### EXERCISE DESCRIPTION:
Would you transcribe the whole listing exactly and drop its images?

### INPUT FOR THIS TASK:
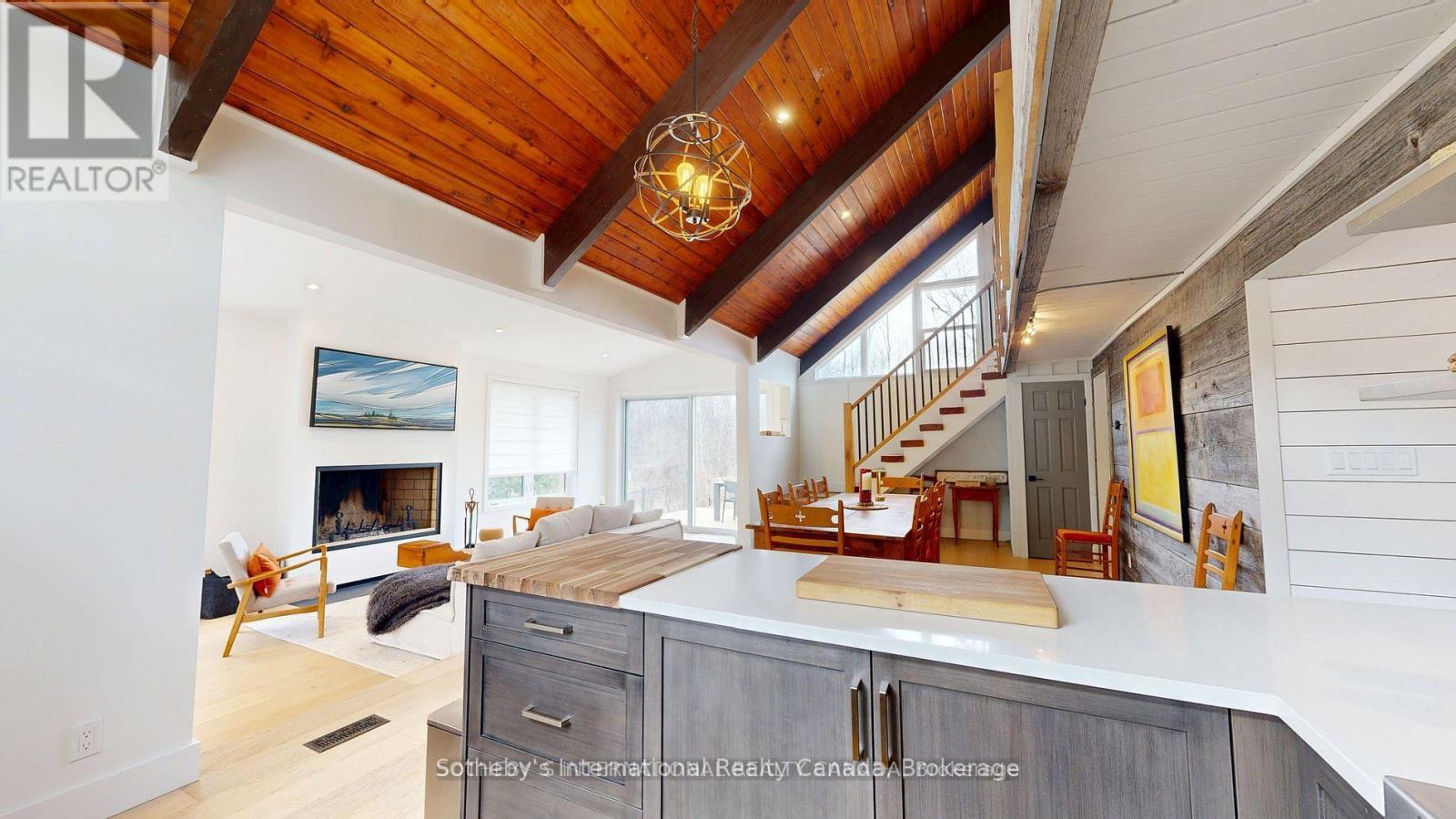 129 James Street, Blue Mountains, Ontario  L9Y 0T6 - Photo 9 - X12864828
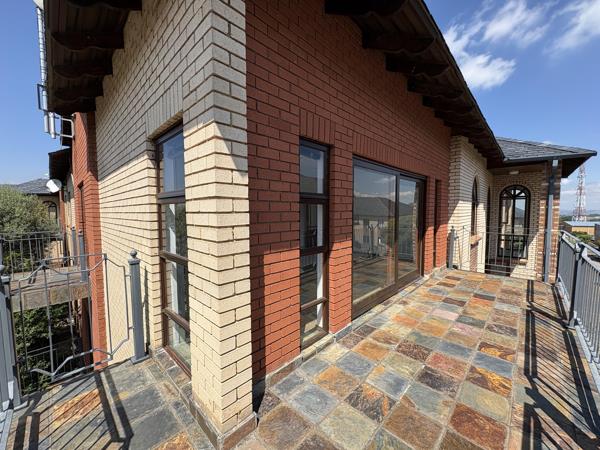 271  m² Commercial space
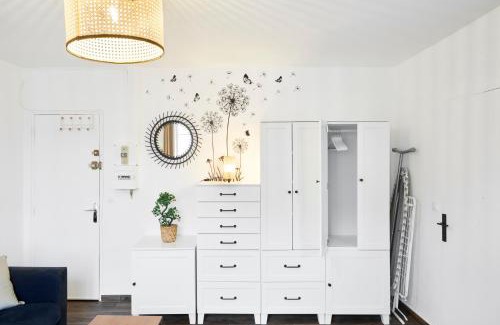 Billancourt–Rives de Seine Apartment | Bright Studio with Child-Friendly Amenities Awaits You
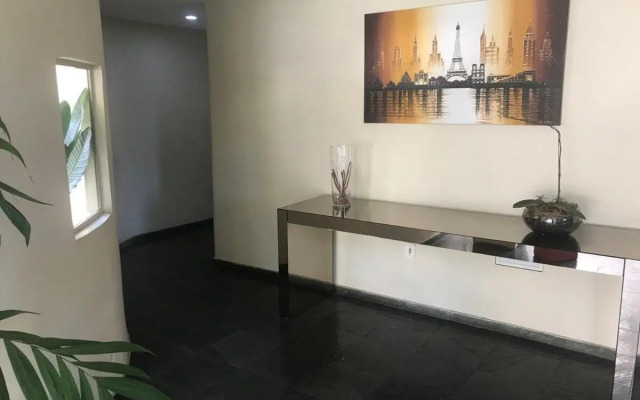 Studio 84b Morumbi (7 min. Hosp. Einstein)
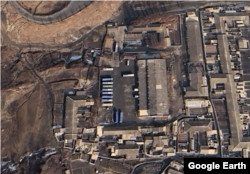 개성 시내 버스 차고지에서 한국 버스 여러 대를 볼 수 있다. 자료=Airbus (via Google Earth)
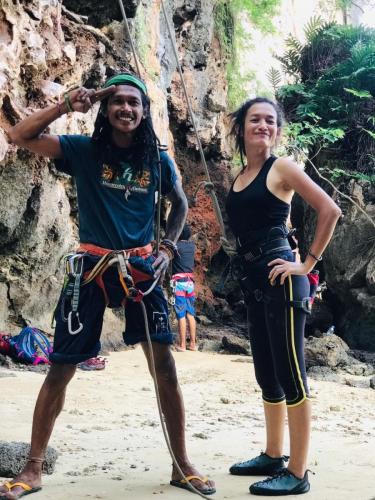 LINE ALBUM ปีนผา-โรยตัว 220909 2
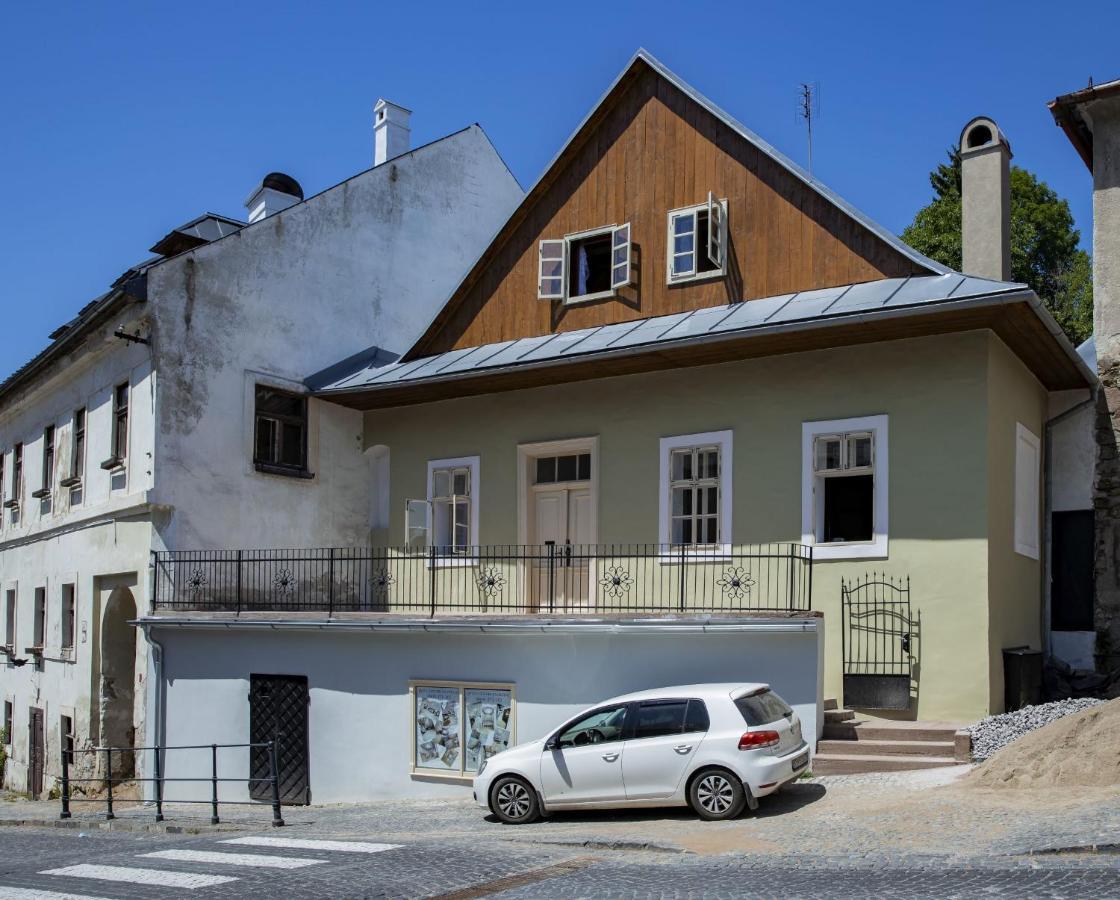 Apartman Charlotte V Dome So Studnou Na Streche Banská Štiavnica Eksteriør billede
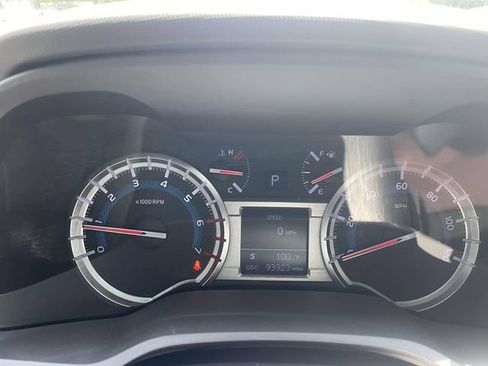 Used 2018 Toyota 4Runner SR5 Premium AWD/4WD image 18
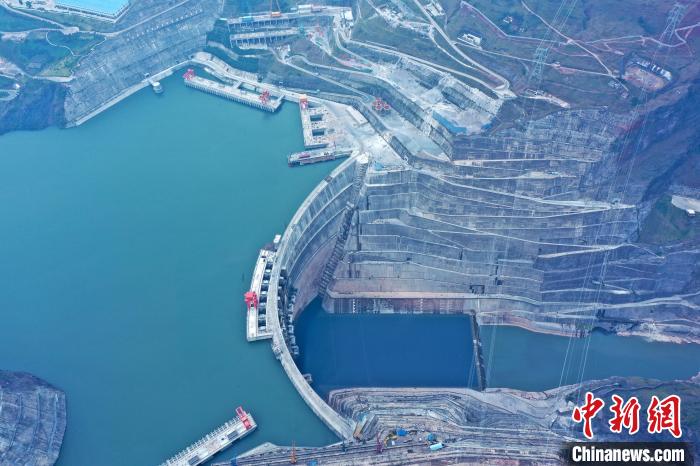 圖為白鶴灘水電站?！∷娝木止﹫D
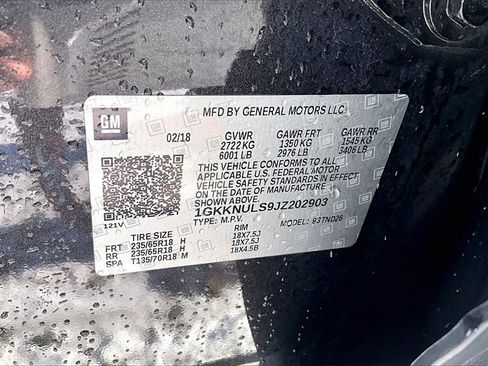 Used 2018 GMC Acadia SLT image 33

### SOLUTION TO THE PROBLEM:
 129 James Street, Blue Mountains, Ontario  L9Y 0T6 - Photo 9 - X12864828
 271  m² Commercial space
 Billancourt–Rives de Seine Apartment | Bright Studio with Child-Friendly Amenities Awaits You
 Studio 84b Morumbi (7 min. Hosp. Einstein)
 개성 시내 버스 차고지에서 한국 버스 여러 대를 볼 수 있다. 자료=Airbus (via Google Earth)
 LINE ALBUM ปีนผา-โรยตัว 220909 2
 Apartman Charlotte V Dome So Studnou Na Streche Banská Štiavnica Eksteriør billede
 Used 2018 Toyota 4Runner SR5 Premium AWD/4WD image 18
 圖為白鶴灘水電站?！∷娝木止﹫D
 Used 2018 GMC Acadia SLT image 33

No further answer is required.